What to produce: Print, word for word, the line containing "this 864×1390 image." and all lines beneath it to the end of the entries below. Pictures do not belong in the copy.

Data for this exercise:
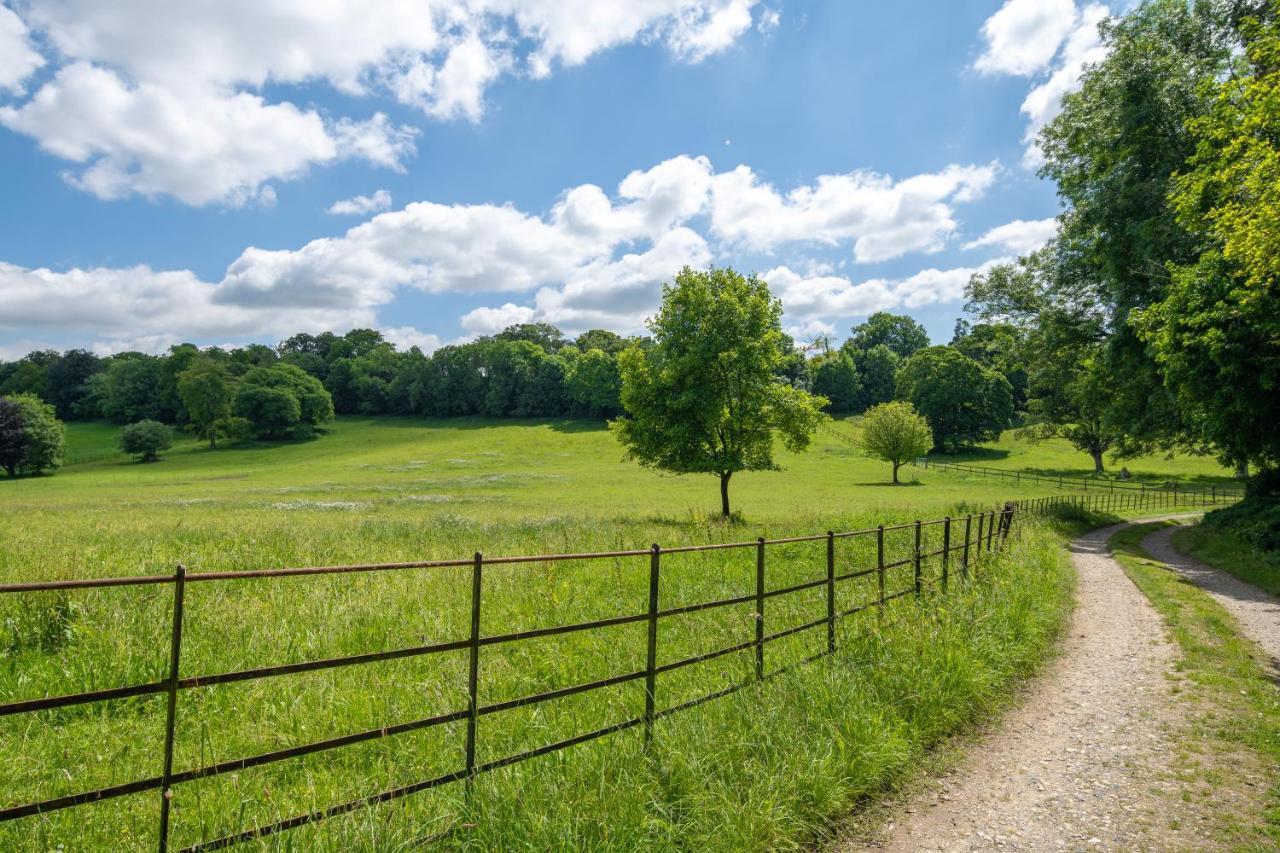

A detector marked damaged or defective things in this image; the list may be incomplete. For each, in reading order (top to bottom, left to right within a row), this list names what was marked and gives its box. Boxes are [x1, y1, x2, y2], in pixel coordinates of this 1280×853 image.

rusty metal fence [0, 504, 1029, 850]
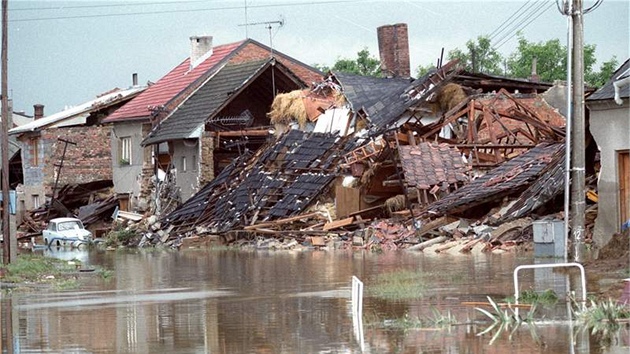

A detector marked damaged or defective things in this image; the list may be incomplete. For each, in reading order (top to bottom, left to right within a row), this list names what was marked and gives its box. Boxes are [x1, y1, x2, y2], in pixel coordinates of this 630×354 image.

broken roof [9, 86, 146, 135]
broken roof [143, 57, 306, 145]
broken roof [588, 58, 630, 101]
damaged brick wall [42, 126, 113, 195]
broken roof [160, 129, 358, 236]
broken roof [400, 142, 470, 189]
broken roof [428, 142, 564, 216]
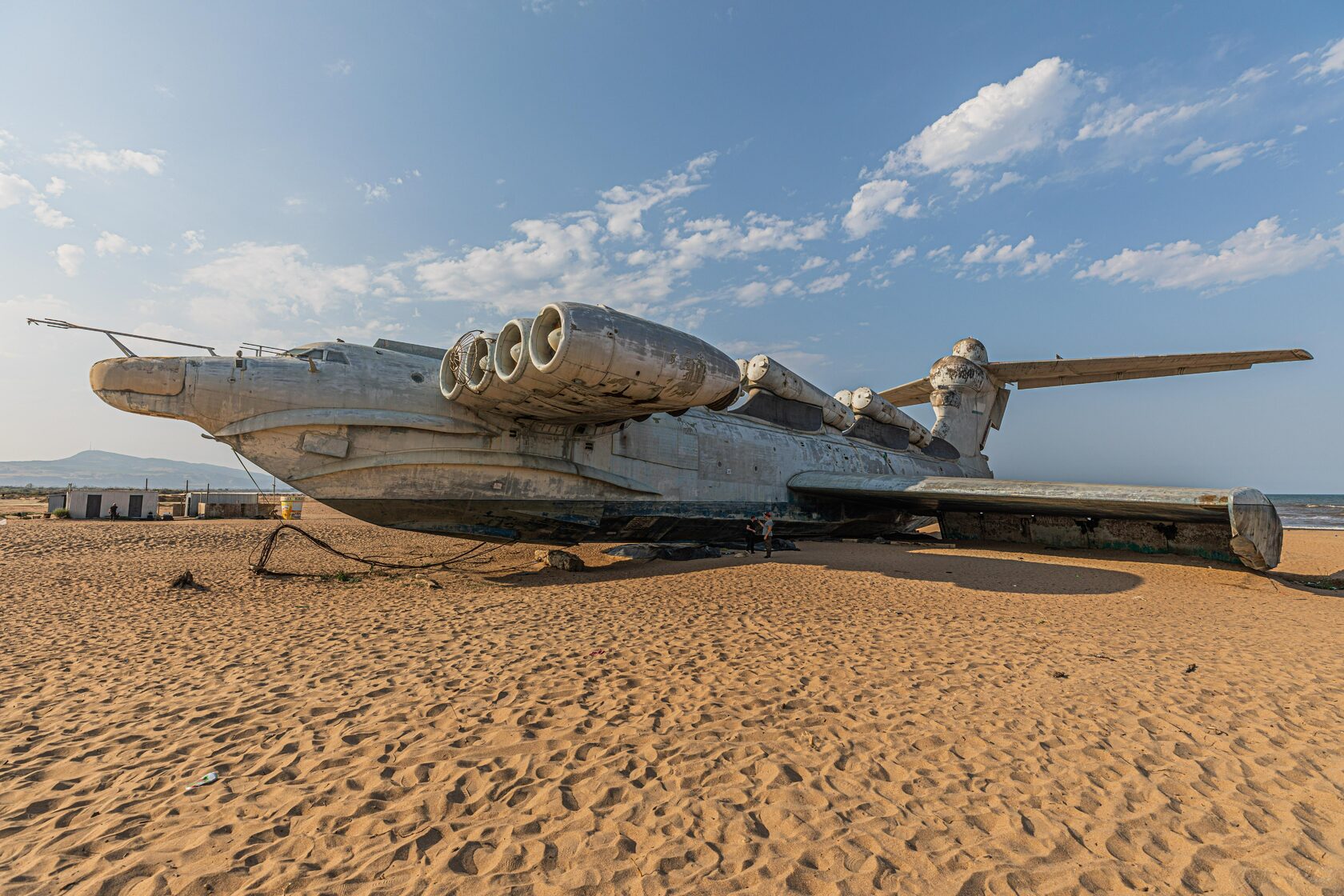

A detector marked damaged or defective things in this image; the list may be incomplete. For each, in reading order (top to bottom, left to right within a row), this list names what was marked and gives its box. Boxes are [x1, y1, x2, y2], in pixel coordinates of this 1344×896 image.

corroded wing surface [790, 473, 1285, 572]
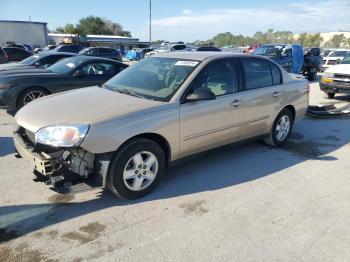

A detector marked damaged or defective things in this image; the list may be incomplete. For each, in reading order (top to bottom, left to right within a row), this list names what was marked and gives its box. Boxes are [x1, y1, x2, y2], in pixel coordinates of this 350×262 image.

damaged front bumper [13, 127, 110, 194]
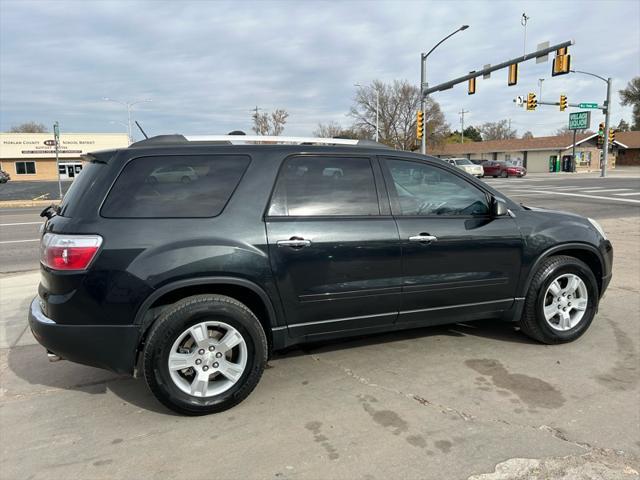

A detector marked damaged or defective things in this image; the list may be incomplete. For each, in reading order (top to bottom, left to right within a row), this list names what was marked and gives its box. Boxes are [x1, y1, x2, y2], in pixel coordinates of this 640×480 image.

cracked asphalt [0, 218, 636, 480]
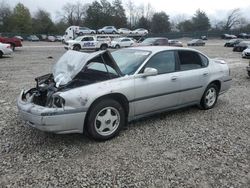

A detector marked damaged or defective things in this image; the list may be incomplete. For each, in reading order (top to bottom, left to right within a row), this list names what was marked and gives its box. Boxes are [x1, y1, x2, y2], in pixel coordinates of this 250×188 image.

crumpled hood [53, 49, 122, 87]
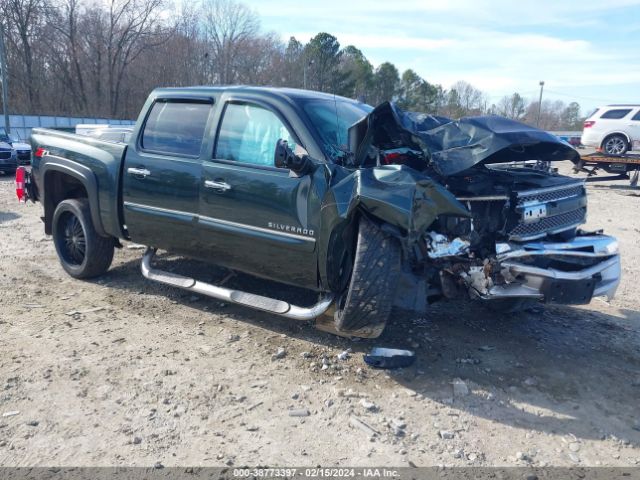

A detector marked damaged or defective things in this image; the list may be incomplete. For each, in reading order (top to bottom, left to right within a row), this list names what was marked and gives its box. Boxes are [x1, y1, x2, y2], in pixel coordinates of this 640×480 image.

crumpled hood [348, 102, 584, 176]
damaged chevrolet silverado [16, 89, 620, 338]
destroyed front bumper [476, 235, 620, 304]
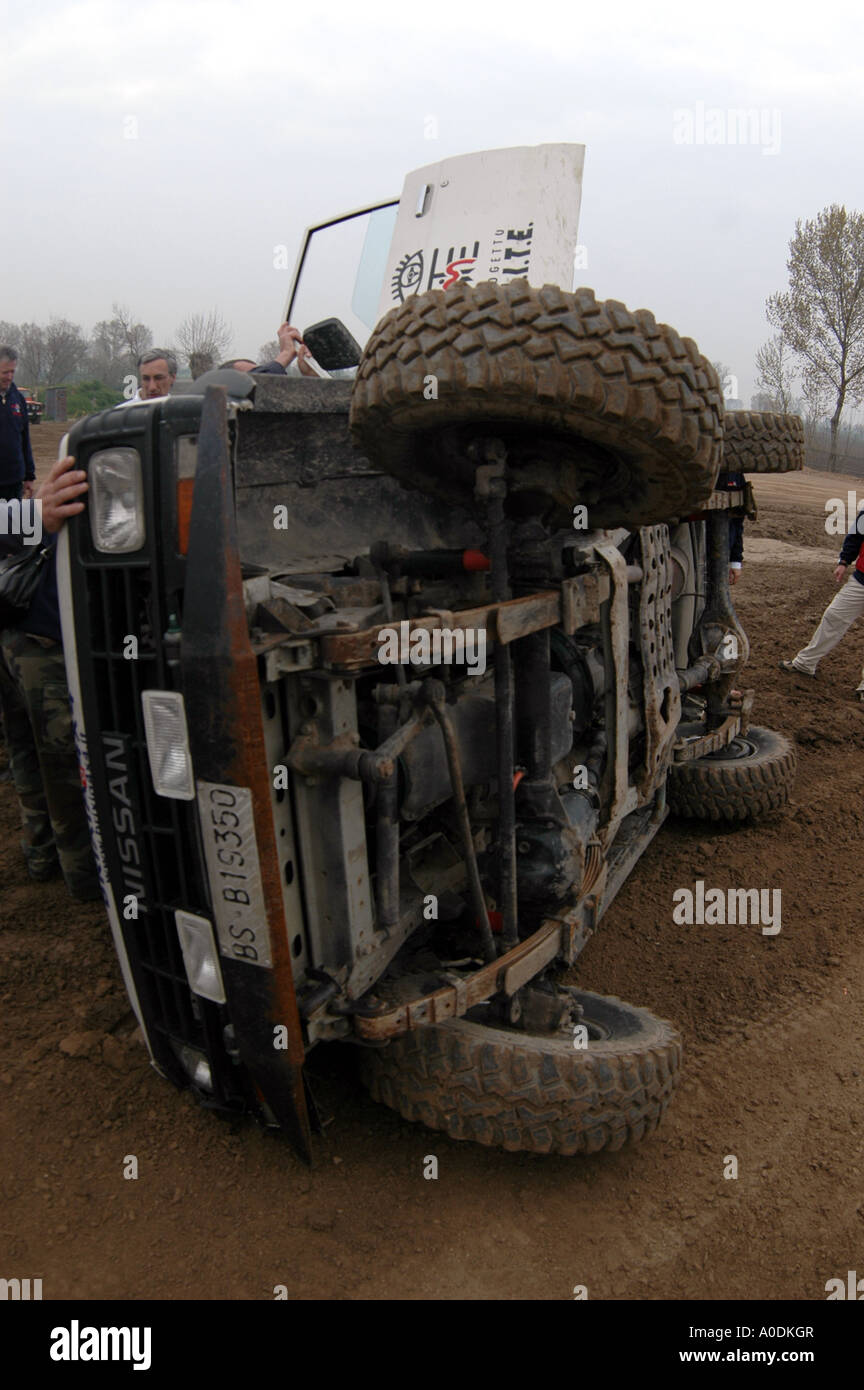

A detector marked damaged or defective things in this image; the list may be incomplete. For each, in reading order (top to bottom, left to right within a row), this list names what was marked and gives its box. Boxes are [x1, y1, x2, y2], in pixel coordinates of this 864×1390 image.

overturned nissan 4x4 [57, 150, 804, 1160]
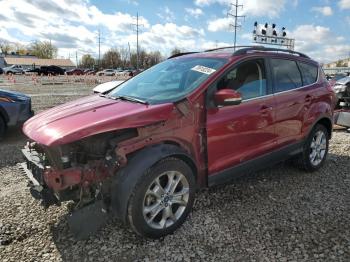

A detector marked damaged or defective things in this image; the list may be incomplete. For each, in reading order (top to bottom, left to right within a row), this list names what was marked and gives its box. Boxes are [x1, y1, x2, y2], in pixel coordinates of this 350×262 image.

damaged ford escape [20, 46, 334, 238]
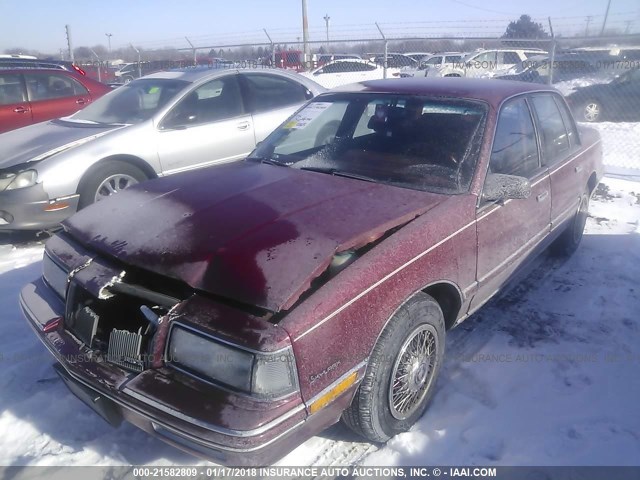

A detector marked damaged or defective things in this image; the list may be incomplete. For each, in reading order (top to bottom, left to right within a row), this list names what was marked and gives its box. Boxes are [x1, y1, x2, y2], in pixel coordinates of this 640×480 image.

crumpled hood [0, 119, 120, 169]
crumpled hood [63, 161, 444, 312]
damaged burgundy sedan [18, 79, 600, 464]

Expected answer:
A detector marked damaged or defective things in this image; the list may be incomplete. For each, in reading order (top to bottom, left to right within a row), this list names what was marked and gives its box. Boxes are [x1, y1, x2, y2], in pixel coordinates of this 864×1390 image.

overturned nissan 4x4 [57, 150, 804, 1160]

A detector marked damaged or defective things in this image; the list may be incomplete. For each, in reading order (top to bottom, left to right within a row), this list names what was marked and gives its box. Boxes are [x1, y1, x2, y2], in pixel coordinates of this 350×262 image.

damaged ford escape [20, 46, 334, 238]

A detector marked damaged or defective things in this image; the list may be incomplete. For each, in reading order (top to bottom, left to right within a row), this list names what was marked and gives its box. Boxes are [x1, y1, x2, y2], in pixel coordinates of this 640×480 image.

crumpled hood [0, 119, 120, 169]
crumpled hood [63, 161, 444, 312]
damaged burgundy sedan [18, 79, 600, 464]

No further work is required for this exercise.